View of the Jubilee Ball, Ranelagh Gardens, 1749.
TRIP TO THE JUBILEE [2]. English, Country Dance Tune (2/4 time). B Flat Major. Standard tuning (fiddle). AABB. The melody first appeared in print in John Johnson’s Choice Collection of 200 Favourite Country Dances, vol. 6 (London, 1751).

Jubilee masquerade balls were introduced to London in the 1720s, and their glamour and promise of social freedoms drew thousands to the pleasure gardens of Haymarket, Vauxhall and Ranelagh where the events stimulated gender-swapping, class fluidity and intrigue. Criticisms of foreign influence and hedonism eventually suppressed them, and by 1751 the Bishop of London had acquired a temporary ban on public masquerades. Despite this jubilee events continued (in somewhat more subdued fashion).
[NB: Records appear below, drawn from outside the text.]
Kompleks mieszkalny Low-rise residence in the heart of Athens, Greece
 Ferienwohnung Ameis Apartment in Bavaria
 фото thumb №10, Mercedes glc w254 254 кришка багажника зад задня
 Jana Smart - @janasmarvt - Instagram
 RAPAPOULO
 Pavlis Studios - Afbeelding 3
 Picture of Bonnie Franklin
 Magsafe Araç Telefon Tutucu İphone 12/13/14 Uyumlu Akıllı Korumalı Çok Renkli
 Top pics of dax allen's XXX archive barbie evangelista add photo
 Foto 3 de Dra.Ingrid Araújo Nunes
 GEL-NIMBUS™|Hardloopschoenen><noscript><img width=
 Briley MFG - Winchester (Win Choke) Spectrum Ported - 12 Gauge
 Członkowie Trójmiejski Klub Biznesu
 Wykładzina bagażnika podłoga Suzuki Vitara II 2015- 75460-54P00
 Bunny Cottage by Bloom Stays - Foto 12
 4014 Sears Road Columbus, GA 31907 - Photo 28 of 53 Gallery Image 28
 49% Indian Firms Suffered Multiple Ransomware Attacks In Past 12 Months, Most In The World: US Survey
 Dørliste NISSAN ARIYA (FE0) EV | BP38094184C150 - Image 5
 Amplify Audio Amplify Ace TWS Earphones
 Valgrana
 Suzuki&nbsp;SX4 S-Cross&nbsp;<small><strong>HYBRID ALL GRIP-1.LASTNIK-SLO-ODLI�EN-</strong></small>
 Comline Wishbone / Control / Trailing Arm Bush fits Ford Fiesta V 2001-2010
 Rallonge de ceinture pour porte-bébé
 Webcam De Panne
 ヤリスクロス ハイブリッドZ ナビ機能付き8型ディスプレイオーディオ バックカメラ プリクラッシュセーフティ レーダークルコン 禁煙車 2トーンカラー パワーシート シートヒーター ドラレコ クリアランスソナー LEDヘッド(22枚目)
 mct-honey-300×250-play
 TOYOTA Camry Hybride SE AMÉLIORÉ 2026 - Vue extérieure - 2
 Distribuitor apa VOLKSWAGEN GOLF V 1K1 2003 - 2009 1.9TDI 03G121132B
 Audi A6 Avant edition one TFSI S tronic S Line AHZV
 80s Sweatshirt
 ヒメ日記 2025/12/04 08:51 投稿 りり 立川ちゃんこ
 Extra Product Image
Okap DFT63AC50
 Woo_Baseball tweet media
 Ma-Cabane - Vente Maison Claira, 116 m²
Some of the more famous jubilees in 18th century London were in celebration of the the birthday of George, Prince of Wales, May 24th, 1759, and the Jubilee Venetian Masquerade Ball in Ranelagh Gardens, Chelsea, London, 1749.

Additional notes

Printed sources : - Thompson (Compleat Collection of 200 Favourite Country Dances, vol. 1), 1757; No. 12.